» **Assignment**: Would you set down every entry again, exactly as written?

Supplied material Block Start

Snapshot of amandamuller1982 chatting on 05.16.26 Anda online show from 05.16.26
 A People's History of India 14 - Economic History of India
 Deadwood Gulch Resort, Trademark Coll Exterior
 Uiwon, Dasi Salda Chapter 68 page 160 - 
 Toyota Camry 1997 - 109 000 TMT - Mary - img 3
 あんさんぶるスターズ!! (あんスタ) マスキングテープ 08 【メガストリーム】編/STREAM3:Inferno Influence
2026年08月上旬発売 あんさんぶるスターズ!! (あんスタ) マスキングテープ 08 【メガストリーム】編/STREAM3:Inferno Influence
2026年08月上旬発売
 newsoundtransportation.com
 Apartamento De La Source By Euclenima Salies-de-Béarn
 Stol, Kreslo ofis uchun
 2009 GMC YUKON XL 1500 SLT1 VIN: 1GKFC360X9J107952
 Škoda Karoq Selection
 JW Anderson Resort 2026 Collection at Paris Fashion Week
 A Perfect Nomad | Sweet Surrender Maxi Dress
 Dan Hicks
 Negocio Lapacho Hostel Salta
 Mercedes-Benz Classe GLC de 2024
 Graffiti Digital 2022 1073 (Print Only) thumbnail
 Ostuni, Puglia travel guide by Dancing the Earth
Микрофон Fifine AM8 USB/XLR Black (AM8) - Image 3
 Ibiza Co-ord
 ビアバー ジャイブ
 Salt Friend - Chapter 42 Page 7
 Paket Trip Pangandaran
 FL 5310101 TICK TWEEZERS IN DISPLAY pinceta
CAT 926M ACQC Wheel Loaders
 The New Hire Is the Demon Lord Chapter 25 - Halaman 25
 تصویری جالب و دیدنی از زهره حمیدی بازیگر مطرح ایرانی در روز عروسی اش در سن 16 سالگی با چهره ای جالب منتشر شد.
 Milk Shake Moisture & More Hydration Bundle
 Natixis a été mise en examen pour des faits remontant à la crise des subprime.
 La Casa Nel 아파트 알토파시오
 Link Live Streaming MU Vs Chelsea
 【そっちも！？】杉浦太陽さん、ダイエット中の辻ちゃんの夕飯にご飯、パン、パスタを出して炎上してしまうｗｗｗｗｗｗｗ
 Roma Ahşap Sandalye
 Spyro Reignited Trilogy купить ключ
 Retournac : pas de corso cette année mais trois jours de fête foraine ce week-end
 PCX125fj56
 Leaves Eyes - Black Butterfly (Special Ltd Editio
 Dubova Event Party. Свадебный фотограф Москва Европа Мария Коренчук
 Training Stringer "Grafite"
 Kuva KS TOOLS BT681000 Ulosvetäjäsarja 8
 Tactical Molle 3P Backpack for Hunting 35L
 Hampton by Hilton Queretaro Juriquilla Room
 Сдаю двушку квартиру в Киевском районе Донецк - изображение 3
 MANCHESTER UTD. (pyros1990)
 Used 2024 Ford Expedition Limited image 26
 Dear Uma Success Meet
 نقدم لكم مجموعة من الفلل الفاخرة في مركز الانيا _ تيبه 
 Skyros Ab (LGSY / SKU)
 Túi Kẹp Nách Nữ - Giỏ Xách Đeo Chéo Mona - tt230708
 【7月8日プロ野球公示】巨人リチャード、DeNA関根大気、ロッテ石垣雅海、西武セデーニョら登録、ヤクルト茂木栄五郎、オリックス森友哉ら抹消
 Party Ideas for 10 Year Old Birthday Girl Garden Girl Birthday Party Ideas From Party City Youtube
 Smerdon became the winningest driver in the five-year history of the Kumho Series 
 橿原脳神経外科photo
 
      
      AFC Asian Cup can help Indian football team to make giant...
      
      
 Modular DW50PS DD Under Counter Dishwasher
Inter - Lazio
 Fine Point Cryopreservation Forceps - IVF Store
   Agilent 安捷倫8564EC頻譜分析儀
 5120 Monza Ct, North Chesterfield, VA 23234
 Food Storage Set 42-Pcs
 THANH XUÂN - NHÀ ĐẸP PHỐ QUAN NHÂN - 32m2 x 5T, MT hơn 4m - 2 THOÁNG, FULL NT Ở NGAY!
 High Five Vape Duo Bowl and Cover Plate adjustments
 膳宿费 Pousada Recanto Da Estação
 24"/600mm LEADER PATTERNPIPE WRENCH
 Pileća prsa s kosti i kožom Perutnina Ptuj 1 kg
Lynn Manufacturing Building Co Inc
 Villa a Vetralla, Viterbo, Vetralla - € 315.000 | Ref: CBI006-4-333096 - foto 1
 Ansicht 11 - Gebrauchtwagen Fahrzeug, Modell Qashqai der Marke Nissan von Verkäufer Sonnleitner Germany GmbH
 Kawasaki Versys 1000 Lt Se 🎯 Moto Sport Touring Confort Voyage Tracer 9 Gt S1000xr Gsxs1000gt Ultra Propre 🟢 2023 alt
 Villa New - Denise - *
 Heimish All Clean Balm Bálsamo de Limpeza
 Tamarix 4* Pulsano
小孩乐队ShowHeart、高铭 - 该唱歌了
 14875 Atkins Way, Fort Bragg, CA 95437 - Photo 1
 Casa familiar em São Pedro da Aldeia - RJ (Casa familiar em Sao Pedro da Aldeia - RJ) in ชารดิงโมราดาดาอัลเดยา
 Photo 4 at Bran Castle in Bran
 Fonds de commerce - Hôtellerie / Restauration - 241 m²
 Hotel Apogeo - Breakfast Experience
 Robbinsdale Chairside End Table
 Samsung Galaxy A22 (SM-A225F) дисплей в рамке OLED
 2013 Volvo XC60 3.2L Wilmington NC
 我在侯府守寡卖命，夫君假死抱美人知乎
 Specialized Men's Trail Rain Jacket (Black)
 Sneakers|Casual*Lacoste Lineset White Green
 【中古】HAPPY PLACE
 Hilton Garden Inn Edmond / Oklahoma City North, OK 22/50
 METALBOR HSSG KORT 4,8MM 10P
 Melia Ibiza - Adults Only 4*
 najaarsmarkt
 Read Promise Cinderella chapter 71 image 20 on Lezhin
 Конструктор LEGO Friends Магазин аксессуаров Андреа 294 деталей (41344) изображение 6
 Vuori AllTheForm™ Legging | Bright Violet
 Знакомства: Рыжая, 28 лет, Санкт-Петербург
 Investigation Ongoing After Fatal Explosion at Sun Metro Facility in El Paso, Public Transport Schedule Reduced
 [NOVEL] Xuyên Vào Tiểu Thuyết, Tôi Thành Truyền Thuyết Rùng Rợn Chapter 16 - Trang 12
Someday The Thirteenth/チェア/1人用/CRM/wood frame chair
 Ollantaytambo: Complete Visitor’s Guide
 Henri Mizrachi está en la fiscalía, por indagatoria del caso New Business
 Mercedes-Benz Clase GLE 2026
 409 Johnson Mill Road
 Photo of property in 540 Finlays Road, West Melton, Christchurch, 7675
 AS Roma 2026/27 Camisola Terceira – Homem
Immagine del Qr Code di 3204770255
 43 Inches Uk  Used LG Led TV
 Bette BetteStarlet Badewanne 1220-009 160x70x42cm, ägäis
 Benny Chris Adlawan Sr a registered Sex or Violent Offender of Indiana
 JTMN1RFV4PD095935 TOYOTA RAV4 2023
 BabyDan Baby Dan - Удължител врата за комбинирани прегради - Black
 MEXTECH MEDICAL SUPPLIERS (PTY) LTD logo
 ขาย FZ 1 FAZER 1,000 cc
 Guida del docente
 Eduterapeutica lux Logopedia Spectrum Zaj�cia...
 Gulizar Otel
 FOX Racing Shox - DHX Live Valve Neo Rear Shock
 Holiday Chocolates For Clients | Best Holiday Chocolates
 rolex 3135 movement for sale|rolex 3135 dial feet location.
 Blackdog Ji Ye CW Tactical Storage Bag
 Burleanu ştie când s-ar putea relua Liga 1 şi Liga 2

Supplied material Block End

» **Task result**:
Snapshot of amandamuller1982 chatting on 05.16.26 Anda online show from 05.16.26
 A People's History of India 14 - Economic History of India
 Deadwood Gulch Resort, Trademark Coll Exterior
 Uiwon, Dasi Salda Chapter 68 page 160 - 
 Toyota Camry 1997 - 109 000 TMT - Mary - img 3
 あんさんぶるスターズ!! (あんスタ) マスキングテープ 08 【メガストリーム】編/STREAM3:Inferno Influence
2026年08月上旬発売 あんさんぶるスターズ!! (あんスタ) マスキングテープ 08 【メガストリーム】編/STREAM3:Inferno Influence
2026年08月上旬発売
 newsoundtransportation.com
 Apartamento De La Source By Euclenima Salies-de-Béarn
 Stol, Kreslo ofis uchun
 2009 GMC YUKON XL 1500 SLT1 VIN: 1GKFC360X9J107952
 Škoda Karoq Selection
 JW Anderson Resort 2026 Collection at Paris Fashion Week
 A Perfect Nomad | Sweet Surrender Maxi Dress
 Dan Hicks
 Negocio Lapacho Hostel Salta
 Mercedes-Benz Classe GLC de 2024
 Graffiti Digital 2022 1073 (Print Only) thumbnail
 Ostuni, Puglia travel guide by Dancing the Earth
Микрофон Fifine AM8 USB/XLR Black (AM8) - Image 3
 Ibiza Co-ord
 ビアバー ジャイブ
 Salt Friend - Chapter 42 Page 7
 Paket Trip Pangandaran
 FL 5310101 TICK TWEEZERS IN DISPLAY pinceta
CAT 926M ACQC Wheel Loaders
 The New Hire Is the Demon Lord Chapter 25 - Halaman 25
 تصویری جالب و دیدنی از زهره حمیدی بازیگر مطرح ایرانی در روز عروسی اش در سن 16 سالگی با چهره ای جالب منتشر شد.
 Milk Shake Moisture & More Hydration Bundle
 Natixis a été mise en examen pour des faits remontant à la crise des subprime.
 La Casa Nel 아파트 알토파시오
 Link Live Streaming MU Vs Chelsea
 【そっちも！？】杉浦太陽さん、ダイエット中の辻ちゃんの夕飯にご飯、パン、パスタを出して炎上してしまうｗｗｗｗｗｗｗ
 Roma Ahşap Sandalye
 Spyro Reignited Trilogy купить ключ
 Retournac : pas de corso cette année mais trois jours de fête foraine ce week-end
 PCX125fj56
 Leaves Eyes - Black Butterfly (Special Ltd Editio
 Dubova Event Party. Свадебный фотограф Москва Европа Мария Коренчук
 Training Stringer "Grafite"
 Kuva KS TOOLS BT681000 Ulosvetäjäsarja 8
 Tactical Molle 3P Backpack for Hunting 35L
 Hampton by Hilton Queretaro Juriquilla Room
 Сдаю двушку квартиру в Киевском районе Донецк - изображение 3
 MANCHESTER UTD. (pyros1990)
 Used 2024 Ford Expedition Limited image 26
 Dear Uma Success Meet
 نقدم لكم مجموعة من الفلل الفاخرة في مركز الانيا _ تيبه 
 Skyros Ab (LGSY / SKU)
 Túi Kẹp Nách Nữ - Giỏ Xách Đeo Chéo Mona - tt230708
 【7月8日プロ野球公示】巨人リチャード、DeNA関根大気、ロッテ石垣雅海、西武セデーニョら登録、ヤクルト茂木栄五郎、オリックス森友哉ら抹消
 Party Ideas for 10 Year Old Birthday Girl Garden Girl Birthday Party Ideas From Party City Youtube
 Smerdon became the winningest driver in the five-year history of the Kumho Series 
 橿原脳神経外科photo
 
      
      AFC Asian Cup can help Indian football team to make giant...
      
      
 Modular DW50PS DD Under Counter Dishwasher
Inter - Lazio
 Fine Point Cryopreservation Forceps - IVF Store
   Agilent 安捷倫8564EC頻譜分析儀
 5120 Monza Ct, North Chesterfield, VA 23234
 Food Storage Set 42-Pcs
 THANH XUÂN - NHÀ ĐẸP PHỐ QUAN NHÂN - 32m2 x 5T, MT hơn 4m - 2 THOÁNG, FULL NT Ở NGAY!
 High Five Vape Duo Bowl and Cover Plate adjustments
 膳宿费 Pousada Recanto Da Estação
 24"/600mm LEADER PATTERNPIPE WRENCH
 Pileća prsa s kosti i kožom Perutnina Ptuj 1 kg
Lynn Manufacturing Building Co Inc
 Villa a Vetralla, Viterbo, Vetralla - € 315.000 | Ref: CBI006-4-333096 - foto 1
 Ansicht 11 - Gebrauchtwagen Fahrzeug, Modell Qashqai der Marke Nissan von Verkäufer Sonnleitner Germany GmbH
 Kawasaki Versys 1000 Lt Se 🎯 Moto Sport Touring Confort Voyage Tracer 9 Gt S1000xr Gsxs1000gt Ultra Propre 🟢 2023 alt
 Villa New - Denise - *
 Heimish All Clean Balm Bálsamo de Limpeza
 Tamarix 4* Pulsano
小孩乐队ShowHeart、高铭 - 该唱歌了
 14875 Atkins Way, Fort Bragg, CA 95437 - Photo 1
 Casa familiar em São Pedro da Aldeia - RJ (Casa familiar em Sao Pedro da Aldeia - RJ) in ชารดิงโมราดาดาอัลเดยา
 Photo 4 at Bran Castle in Bran
 Fonds de commerce - Hôtellerie / Restauration - 241 m²
 Hotel Apogeo - Breakfast Experience
 Robbinsdale Chairside End Table
 Samsung Galaxy A22 (SM-A225F) дисплей в рамке OLED
 2013 Volvo XC60 3.2L Wilmington NC
 我在侯府守寡卖命，夫君假死抱美人知乎
 Specialized Men's Trail Rain Jacket (Black)
 Sneakers|Casual*Lacoste Lineset White Green
 【中古】HAPPY PLACE
 Hilton Garden Inn Edmond / Oklahoma City North, OK 22/50
 METALBOR HSSG KORT 4,8MM 10P
 Melia Ibiza - Adults Only 4*
 najaarsmarkt
 Read Promise Cinderella chapter 71 image 20 on Lezhin
 Конструктор LEGO Friends Магазин аксессуаров Андреа 294 деталей (41344) изображение 6
 Vuori AllTheForm™ Legging | Bright Violet
 Знакомства: Рыжая, 28 лет, Санкт-Петербург
 Investigation Ongoing After Fatal Explosion at Sun Metro Facility in El Paso, Public Transport Schedule Reduced
 [NOVEL] Xuyên Vào Tiểu Thuyết, Tôi Thành Truyền Thuyết Rùng Rợn Chapter 16 - Trang 12
Someday The Thirteenth/チェア/1人用/CRM/wood frame chair
 Ollantaytambo: Complete Visitor’s Guide
 Henri Mizrachi está en la fiscalía, por indagatoria del caso New Business
 Mercedes-Benz Clase GLE 2026
 409 Johnson Mill Road
 Photo of property in 540 Finlays Road, West Melton, Christchurch, 7675
 AS Roma 2026/27 Camisola Terceira – Homem
Immagine del Qr Code di 3204770255
 43 Inches Uk  Used LG Led TV
 Bette BetteStarlet Badewanne 1220-009 160x70x42cm, ägäis
 Benny Chris Adlawan Sr a registered Sex or Violent Offender of Indiana
 JTMN1RFV4PD095935 TOYOTA RAV4 2023
 BabyDan Baby Dan - Удължител врата за комбинирани прегради - Black
 MEXTECH MEDICAL SUPPLIERS (PTY) LTD logo
 ขาย FZ 1 FAZER 1,000 cc
 Guida del docente
 Eduterapeutica lux Logopedia Spectrum Zaj�cia...
 Gulizar Otel
 FOX Racing Shox - DHX Live Valve Neo Rear Shock
 Holiday Chocolates For Clients | Best Holiday Chocolates
 rolex 3135 movement for sale|rolex 3135 dial feet location.
 Blackdog Ji Ye CW Tactical Storage Bag
 Burleanu ştie când s-ar putea relua Liga 1 şi Liga 2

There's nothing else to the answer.